I'd like to make government a lot smaller than it is now, in particular I'd like to reduce the power, scope, and cost of the central government. But that does not mean that I think we'd be better off without a government. As bad as a corrupt government is, the realities of living without a government in a society of fallen people would be much worse. One of many reasons I exhort people to live a life of personal virtue is that it permits the reduction of government. Virtuous people have no need of masters. The weak and the wicked do. Thus a virtuous population is the best defense against big government.
It's true that for most of human history government has been wicked, violent, and oppressive. It often represented nothing more than the toughest gang rather than an institution with the just mission of preserving the rights of those under its protection. In the West, that changed as a new concept of what authority meant and how it ought to be exercised saturated the culture. Authority become more than power under this new concept, it became a duty of love and justice. Where did this new concept come from and how did it differ from what happened before? And most critically, why is it fading from the cultural fabric?
The new concept of authority, which changed the world, came from the scriptures. In Mark chapter 10 (Amplified version) James and John ask to be Christs' right and left hand man in the Kingdom He is setting up. They want the authority. The other disciples get indignant at James and John because of their request. In a beautiful passage of Scripture, Jesus explains the difference between what "authority" means and how it is used in His Kingdom vs. what it means and how it is used in the Gentile nations, whose governments lack the wisdom of Divine guidance......
42 But Jesus called them to [Him] and said to them, You know that those who are recognized as governing and are supposed to rule the Gentiles (the nations) lord it over them [ruling with absolute power, holding them in subjection], and their great men exercise authority and dominion over them.
43 But this is not to be so among you; instead, whoever desires to be great among you must be your servant,
44 And whoever wishes to be most important and first in rank among you must be slave of all.
45 For even the Son of Man came not to have service rendered to Him, but to serve, and to give His life as a ransom for ([y]instead of) many.
Various people, at various stages of their lives, can benefit from authority. When my young anarcho-capitalist friends have children of their own they will better understand. Authority, even government authority, is not intrinsically evil. At its best it restrains evil. Even a very corrupt government, if it rules an even more corrupt population, can restrain evil. But like Washington said, it's like fire, a dangerous servant and a fearful master. As long as the weak and wicked are among us, it will be needed in some form.
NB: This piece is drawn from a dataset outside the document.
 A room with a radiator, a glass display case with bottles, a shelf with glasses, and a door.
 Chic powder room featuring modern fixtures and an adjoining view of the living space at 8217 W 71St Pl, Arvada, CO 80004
Even today the high officials of many governments in the Old World are called "ministers" out of recognition that their office was supposed to be one of service to God and man. In the United States they secularized the titles in part because they were leery of government's attempt to co-opt religion for the state's own use, but the Biblical concept of authority ran deep in the culture.
What's happened to us is that we have separated from our culture the conviction that the Biblical world view is the correct one. Why be surprised then when the uniquely just view of authority upheld in scripture is lost as well? When one tosses out the baby of the Christ Child, the cleansing bath water of a high view of government goes with Him. What happens then is that those in power, freed from the restraint of a Godly view of authority permeating the culture, revert to the more corrupt exercise of power which predated the ascension of the Judo-Christian concept. Those young people who arrived after the eclipse of the previous view of authority look at authority, and all they see it rot. No wonder they conclude that authority is intrinsically wicked.
Of course, properly exercised authority (that is, exercised in the manner prescribed by Christ) is not evil at all. It's service, not self-serving. It protects rights, it does not threaten them. It's not a cover-up of their dirt, it's a clean-up of dirt for those under their authority. Just before the Crucifixion He bowed down and washed the feet of His disciples. They protested that it was not right that He, the Messiah, was washing their feet, but He was trying to show them something. This is what Authority looks like when properly exercised. It's humility and service.
12 So when He had finished washing their feet and had put on His garments and had sat down again, He said to them, Do you understand what I have done to you?
13 You call Me the Teacher (Master) and the Lord, and you are right in doing so, for that is what I am.
14 If I then, your Lord and Teacher (Master), have washed your feet, you ought [it is your duty, you are under obligation, you owe it] to wash one another’s feet.
We don't need anarchy, not while we are still this weak and wayward. Nor do we need more rulers who buy into the pre-Christian concept of authority. We need a return to a concept of authority that subjects it to the Highest Authority of all.